> [Exercise] Every entry below should be printed exactly, without its images.
--- Records for the task Enclosed Below ---
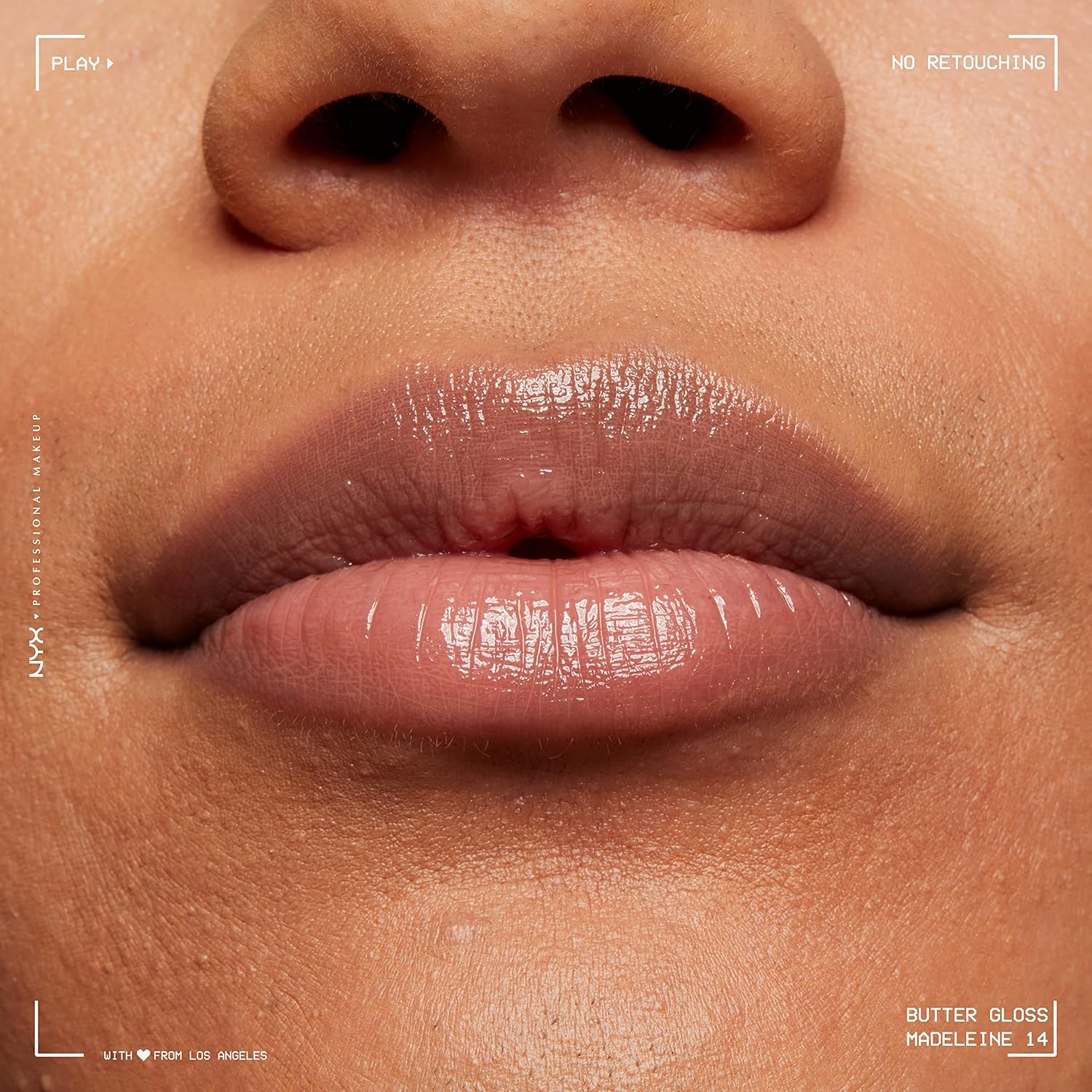 NYX PROFESSIONAL MAKEUP Butter Gloss, Non-Sticky Lip Gloss - Madeleine (Mid-Tone Nude) - Image 8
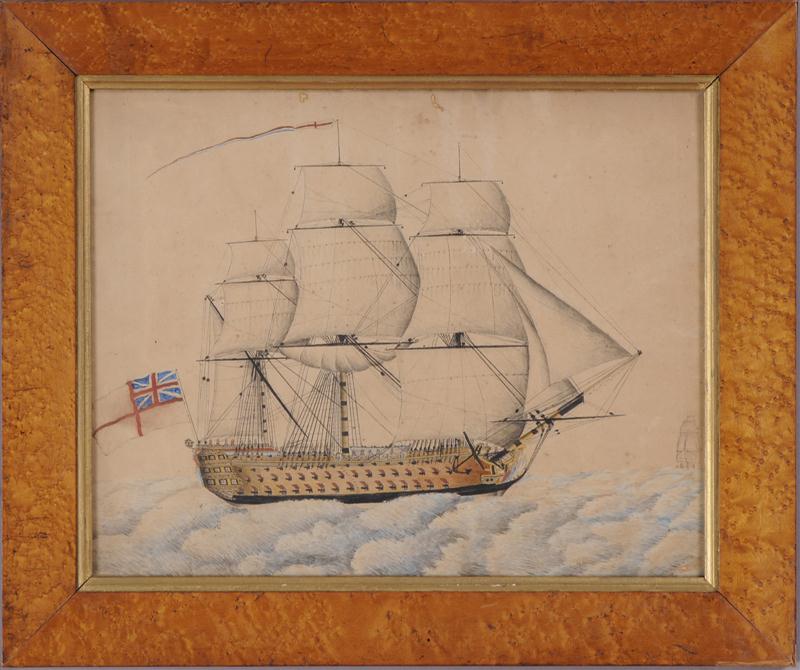 ENGLISH SCHOOL: THREE-MASTED SHIP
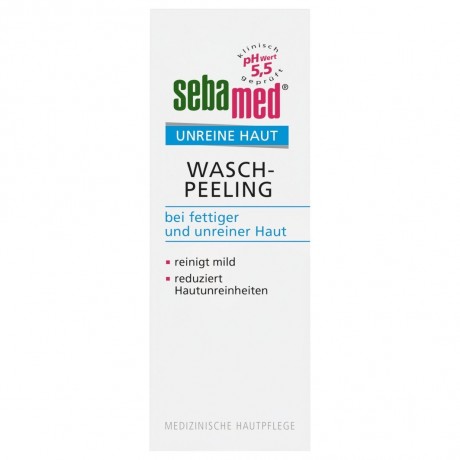 sebamed Unreine Haut Wasch-Peeling  Очищающий пилинг для нечистой кожи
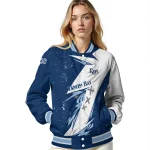 tampa bay rays ripped bolt navy white varsity jacket best selling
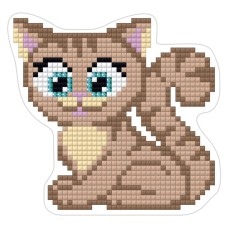 Кристальная (алмазная) мозаика  "ФРЕЯ" ALVM-016   магнит "Котенок" 9.5 х 9 см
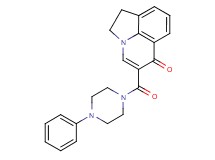5-[(4-phenyl-1-piperazinyl)carbonyl]-1,2-dihydro-6H-pyrrolo[3,2,1-ij]quinolin-6-one trifluoroacetate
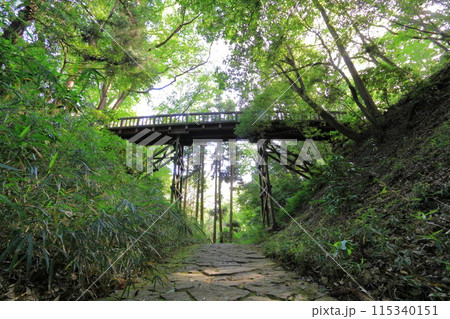 東京都・八王子市・滝山公園・木橋 東京都・八王子市・滝山公園・木橋 115340151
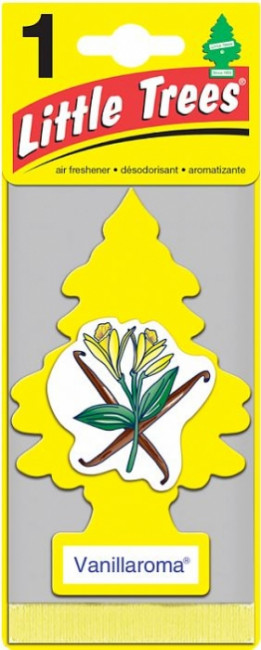Ароматизатор подвесной картон Car Freshner Little Trees Vanillaroma U1P-10105-RUSS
--- End of Enclosed Records for the task ---
> [Response to the task]
 NYX PROFESSIONAL MAKEUP Butter Gloss, Non-Sticky Lip Gloss - Madeleine (Mid-Tone Nude) - Image 8
 ENGLISH SCHOOL: THREE-MASTED SHIP
 sebamed Unreine Haut Wasch-Peeling  Очищающий пилинг для нечистой кожи
 tampa bay rays ripped bolt navy white varsity jacket best selling
 Кристальная (алмазная) мозаика  "ФРЕЯ" ALVM-016   магнит "Котенок" 9.5 х 9 см
5-[(4-phenyl-1-piperazinyl)carbonyl]-1,2-dihydro-6H-pyrrolo[3,2,1-ij]quinolin-6-one trifluoroacetate
 東京都・八王子市・滝山公園・木橋 東京都・八王子市・滝山公園・木橋 115340151
Ароматизатор подвесной картон Car Freshner Little Trees Vanillaroma U1P-10105-RUSS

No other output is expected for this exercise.